**Assigned task**
Lines from the one containing "گزارش تصویری |" through the final line of the records below are needed, copied exactly, with no pictures.

**Records supplied**
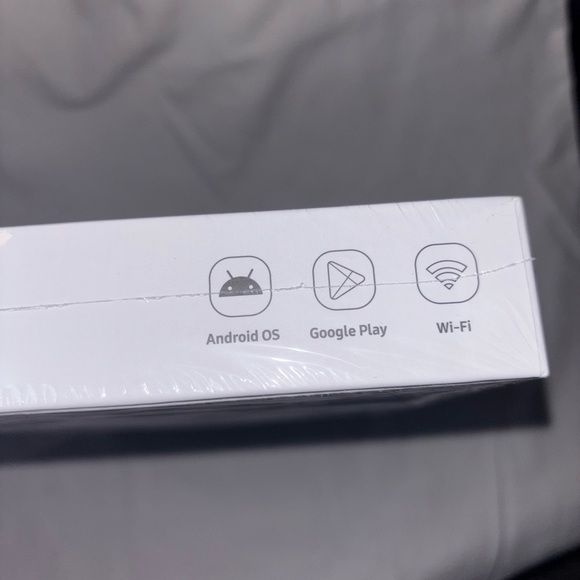 Android Tablet with 4GB RAM - Black Frame - Picture 2 of 4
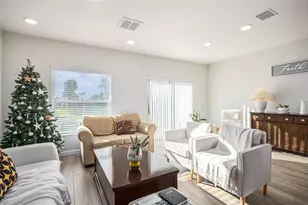 4986 Prairie Preserve Run, Saint Cloud, FL 34772 - Photo 4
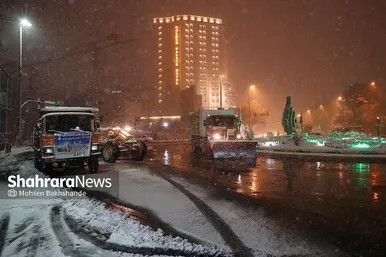 گزارش تصویری | خدمات دهی نیروهای شهرداری مشهد در روزهای برفی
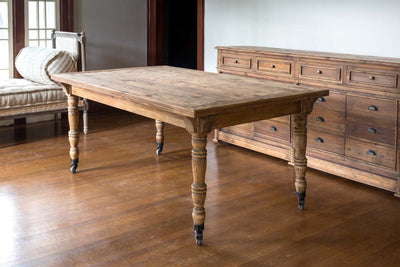Jenifer Table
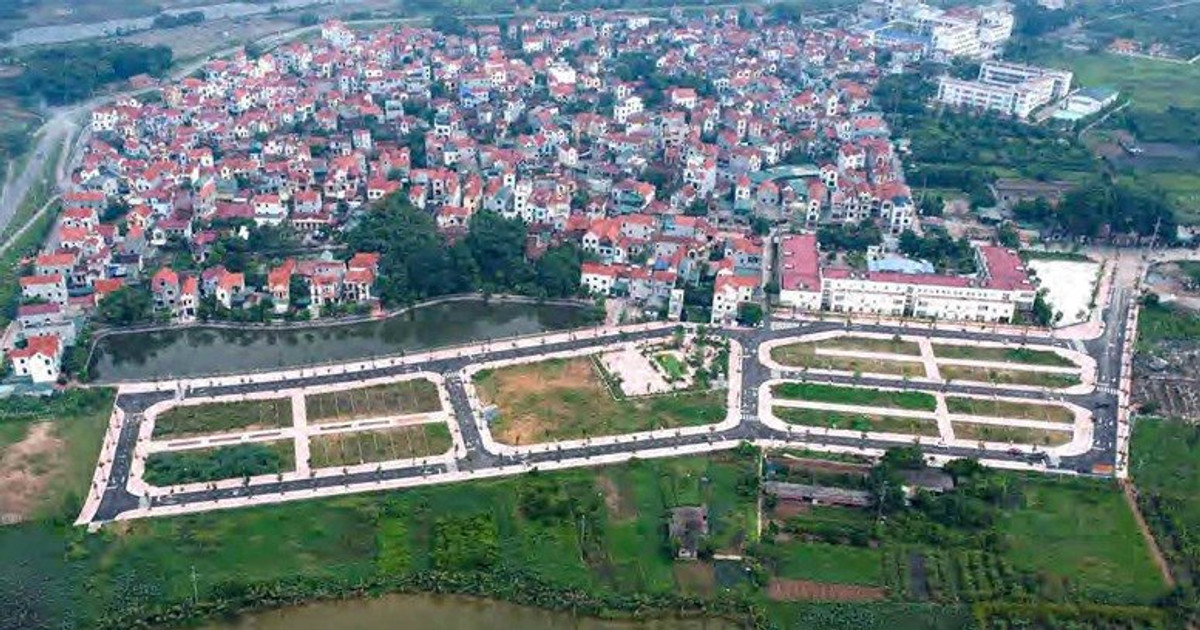 Một quận của Hà Nội hủy đấu giá 27 lô đất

**Answer to this task**
 گزارش تصویری | خدمات دهی نیروهای شهرداری مشهد در روزهای برفی
Jenifer Table
 Một quận của Hà Nội hủy đấu giá 27 lô đất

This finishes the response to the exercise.